▶ _Work task_:
A word-for-word copy of the listing, free of images, is the expected answer.

▶ _Source information_:
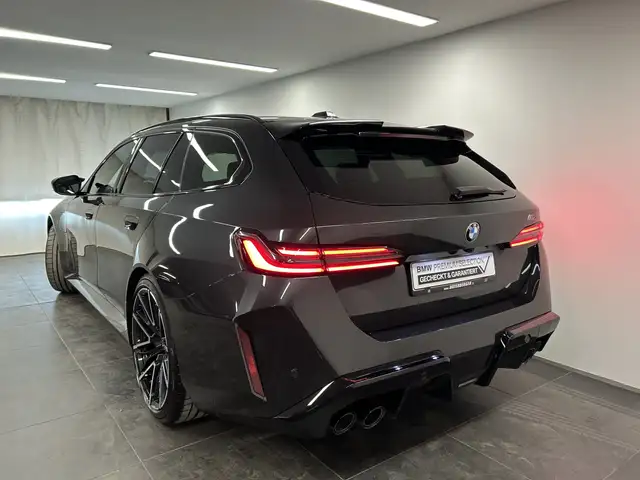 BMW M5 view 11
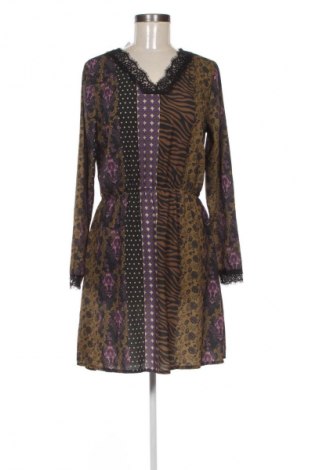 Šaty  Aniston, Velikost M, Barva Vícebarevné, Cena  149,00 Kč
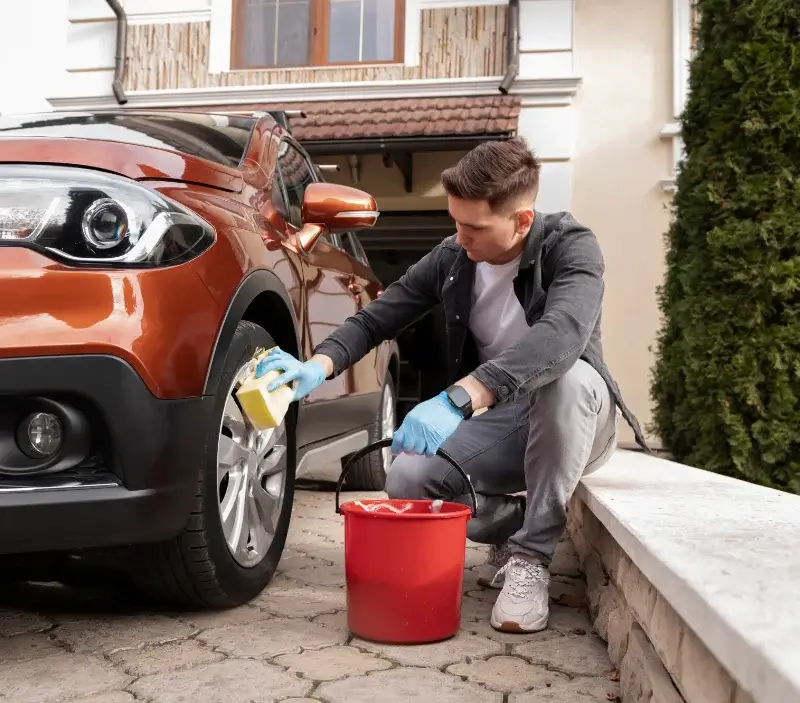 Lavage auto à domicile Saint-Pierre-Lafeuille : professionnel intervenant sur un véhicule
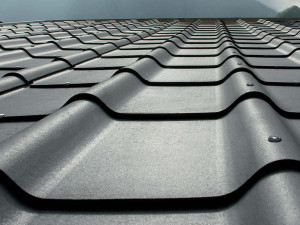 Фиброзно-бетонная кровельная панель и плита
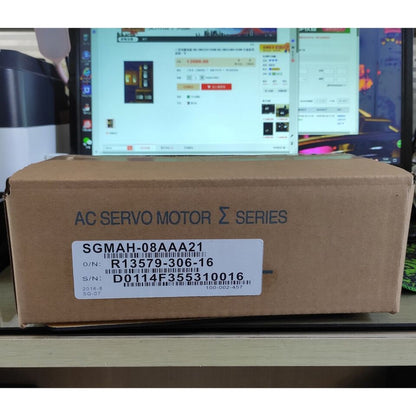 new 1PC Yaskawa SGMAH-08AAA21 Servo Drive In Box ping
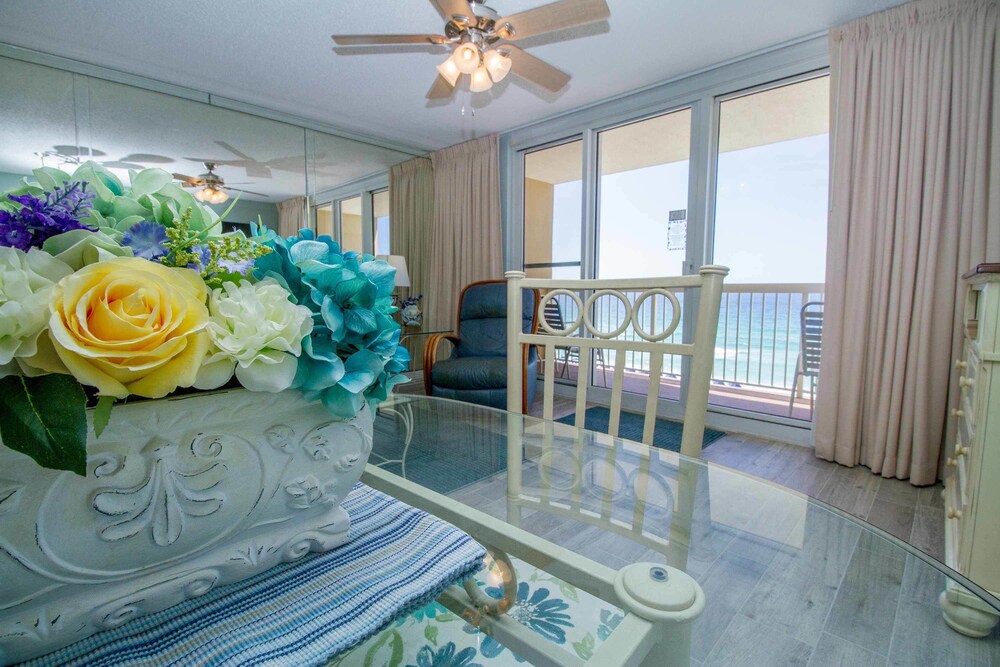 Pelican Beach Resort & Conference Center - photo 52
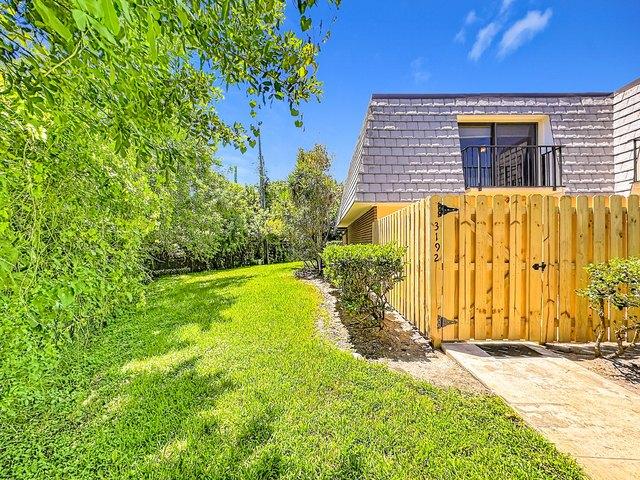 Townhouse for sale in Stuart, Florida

▶ _Answer section_:
 BMW M5 view 11
 Šaty  Aniston, Velikost M, Barva Vícebarevné, Cena  149,00 Kč
 Lavage auto à domicile Saint-Pierre-Lafeuille : professionnel intervenant sur un véhicule
 Фиброзно-бетонная кровельная панель и плита
 new 1PC Yaskawa SGMAH-08AAA21 Servo Drive In Box ping
 Pelican Beach Resort & Conference Center - photo 52
 Townhouse for sale in Stuart, Florida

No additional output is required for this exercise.